Cet article se concentre sur l’analyse de ces quelques erreurs qui ont jalonné l’histoire économique et sur lesquelles les responsables politiques n’ont pas tiré de leçons pour éviter de les reproduire.
Les exemples d’erreurs économiques contemporains incluent la manipulation des taux d’intérêts, l’endettement abyssal, la surrèglementation, ainsi que les politiques protectionnistes qui peuvent être motivées par la tentation populiste et raciste.
Le blocage des prix
Le blocage des prix, également connu sous le nom de contrôle des prix, est une mesure gouvernementale visant à réglementer les prix des biens et services dans l’économie.

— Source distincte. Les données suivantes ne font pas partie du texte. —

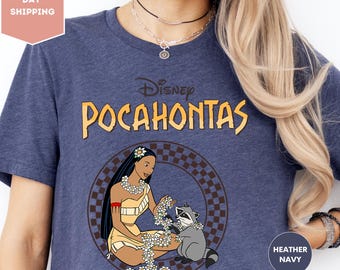 Disney Pocahontas Shirt, Meeko Afternoon Dreaming Shirt, WDW Disneyland Vacation 2025 Shirt, Magic Kingdom Shirt, Disney Trip Princess Shirt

Cette politique peut être mise en place dans le but de protéger le pouvoir d’achat des consommateurs contre les hausses de prix excessives ou pour maitriser l’inflation.

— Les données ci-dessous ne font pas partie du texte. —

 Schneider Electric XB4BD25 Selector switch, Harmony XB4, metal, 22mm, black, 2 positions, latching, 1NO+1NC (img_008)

Anne De Guigné affirme que l’empereur Dioclétien a été l’un des premiers dirigeants à tenter de mettre en place un blocage des prix à grande échelle.
Il a fixé des prix maximums pour un grand nombre de produits de base, y compris les denrées alimentaires et les textiles.
Cependant, cette politique n’a pas été efficace à long terme. Les prix maximums ont conduit à une pénurie de biens, car les producteurs n’avaient plus de motivation à produire et à vendre leurs produits si les prix étaient réglementés. Les commerçants ont également cherché des moyens de contourner les prix maximums, en fournissant le marché noir.
En fin de compte, le blocage de prix de Dioclétien n’a pas réussi à juguler l’inflation ou à protéger les consommateurs.
Pour le prix Nobel de l’économie, Milton Friedman : « Le blocage des prix, aussi bien intentionné qu’il soit, ne peut pas résoudre les problèmes de l’offre et de la demande. Les prix sont un mécanisme crucial pour communiquer la rareté d’un bien et encourager l’efficacité dans la production et la distribution. Le blocage des prix supprime ce mécanisme et entraîne souvent des pénuries, des files d’attente, des marchés noirs et une allocation inefficace des ressources ».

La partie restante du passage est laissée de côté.